Decolonize Hamburg! Graffito an der Bismarck-Baustelle Foto: privat (Januar 2021)
Diese Kritik und die damit einhergehenden Forderungen, die indes schon in der Debatte um das Berliner Stadtschloss und anderswo zu hören waren, sind mit Nachdruck zu unterstreichen und zu unterstützen. Und es ist das Verdienst dieser Kritik, dass die aberwitzig teure Sanierung des Denkmals überhaupt dermaßen in Verruf geraten ist. Fraglich ist nur der bisweilen in den Forderungen anmutende Anspruch auf Alleinvertretung einer postkolonialen Perspektive.

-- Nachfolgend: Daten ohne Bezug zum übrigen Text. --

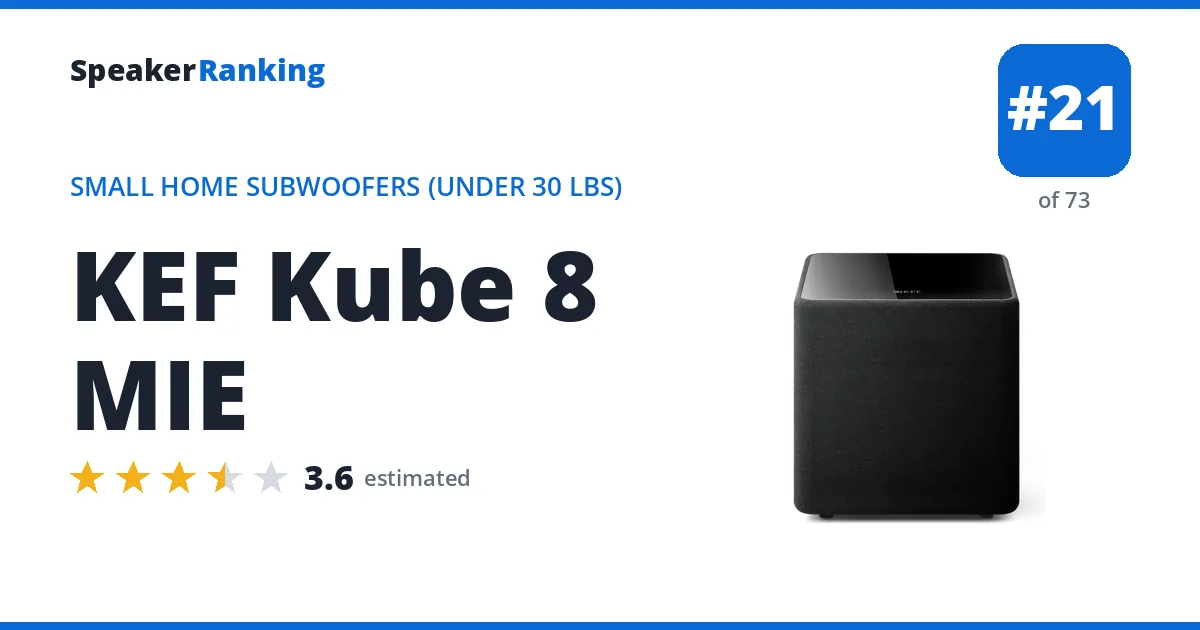 KEF Kube 8 MIE ranking card
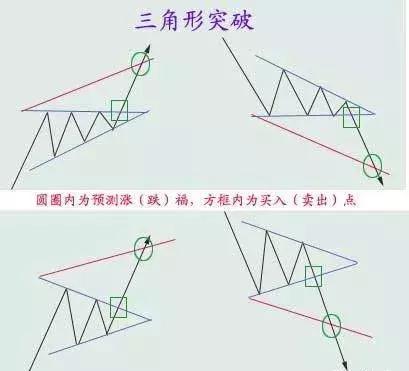 盘感训练方法与复盘技巧,股市盘前技术研判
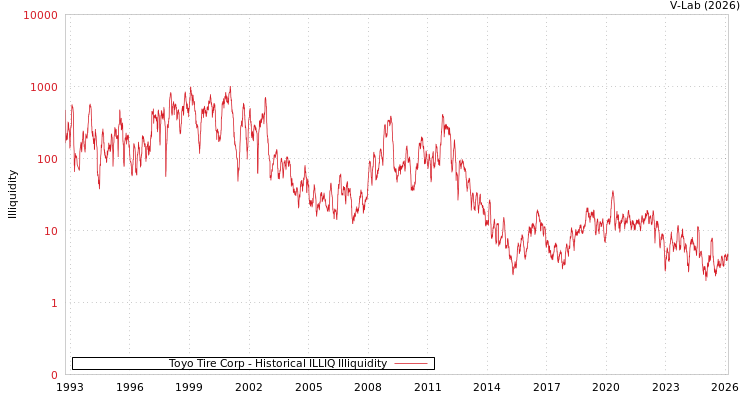 graph of Toyo Tire Corp ILLIQ-HIST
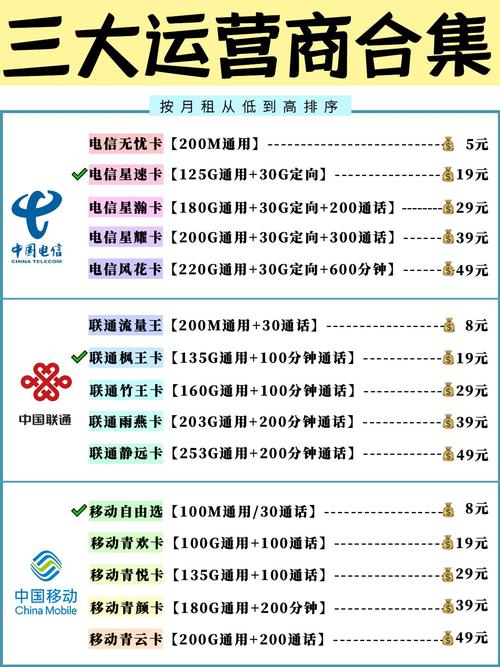移动联通电信优惠套餐合集从低到高排序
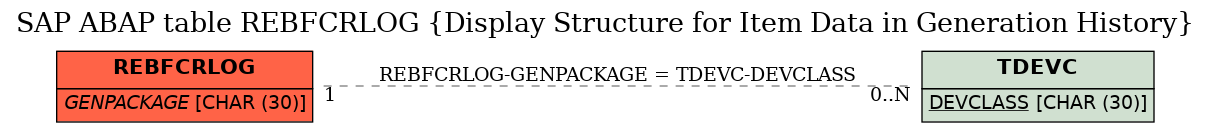 E-R Diagram for table REBFCRLOG (Display Structure for Item Data in Generation History)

Das Bismarck-Denkmal, so ist es einem Arbeitspapier der Initiative Decolonize Bismarck zu entnehmen, sei »auch ein Kolonialdenkmal« und entsprechend sollten an der Debatte um Neu- oder Umgestaltung des Denkmals die »Nachkommen der Kolonisierten, die diasporischen BIPoC-Communities ebenso maßgeblich beteiligt werden wie die Opferverbände aus den ehemaligen Kolonien und die zivilgesellschaftlichen Initiativen«. Jenes auch im zitierten Papier scheint im Hinblick auf die angeführte Begründung bald hinfällig: Das Denkmal erinnere nicht an Bismarck als Reichsgründer, sondern sei »als Dank der hiesigen Kaufmannselite für die Gründung von Kolonien« zu verstehen, es sei damals nicht um Patriotismus, sondern um Wirtschaftsförderung gegangen. »Erst mit einer solchen globalhistorisch verorteten Analyse lässt sich die Bedeutung des Monuments verstehen, debattieren und ein weiterer angemessener Umgang mit ihm begründen.«
Nicht in Stein gemeißelt, oder: Für eine emanzipatorische Geschichtspolitik
Worin liegt das Problem? Es ist zunächst einmal diese in einer ansonsten dekonstruktivistisch informierten Perspektive aufscheinende Eigentlichkeit. So als hätte ein Denkmal eine ihm eigentümliche, in Stein gemeißelte Bedeutung. Könnte ein Denkmal, und das hier betrachtete im Besonderen, nicht vielmehr als ein gleitender Signifikant begriffen werden, dessen Bedeutung immer prekär und instabil ist? Würde dies nicht erklären, warum es einerseits so attraktiv für alte und neue Nazis war und ist und warum andererseits der Umgang mit der Statue bisweilen von derartiger Unbekümmertheit gekennzeichnet ist? Bismarck und das ihm zu Ehre gebaute Denkmal waren eben immer auch Projektionsflächen für verschiedenste reaktionäre und nationalistische Sehnsüchte. Diese Rezeptionsgeschichte ist nicht ohne Weiteres vom Denkmal zu trennen und sollte auch Gegenstand der Kritik bilden. Denn mit dem Hinweis auf die ›eigentliche Bedeutung‹ des Denkmals verschiebt sich zudem die Diskussion hin zu der Frage nach dessen vermeintlich fixierbarem Signifikat und damit zur trügerischen Faktizität historischer Debatten, in denen tatsächlich aber normative Geschichtsbilder verhandelt werden. War Bismarck nun ein Rassist oder hält »die Identifizierung des Kolonialpolitikers Bismarck als Rassist einer genaueren Prüfung nicht stand«? Letzteres schreibt der Historiker und Geschäftsführer der Otto-von-Bismarck-Stiftung Ulrich Lappenküper für die Konrad Adenauer Stiftung und fügt hinzu, dass es bei den Denkmälern auch weniger um den Kolonialpolitiker gehe, »denn um den Reichskanzler, der Deutschland Einheit und Freiheit gebracht hatte«.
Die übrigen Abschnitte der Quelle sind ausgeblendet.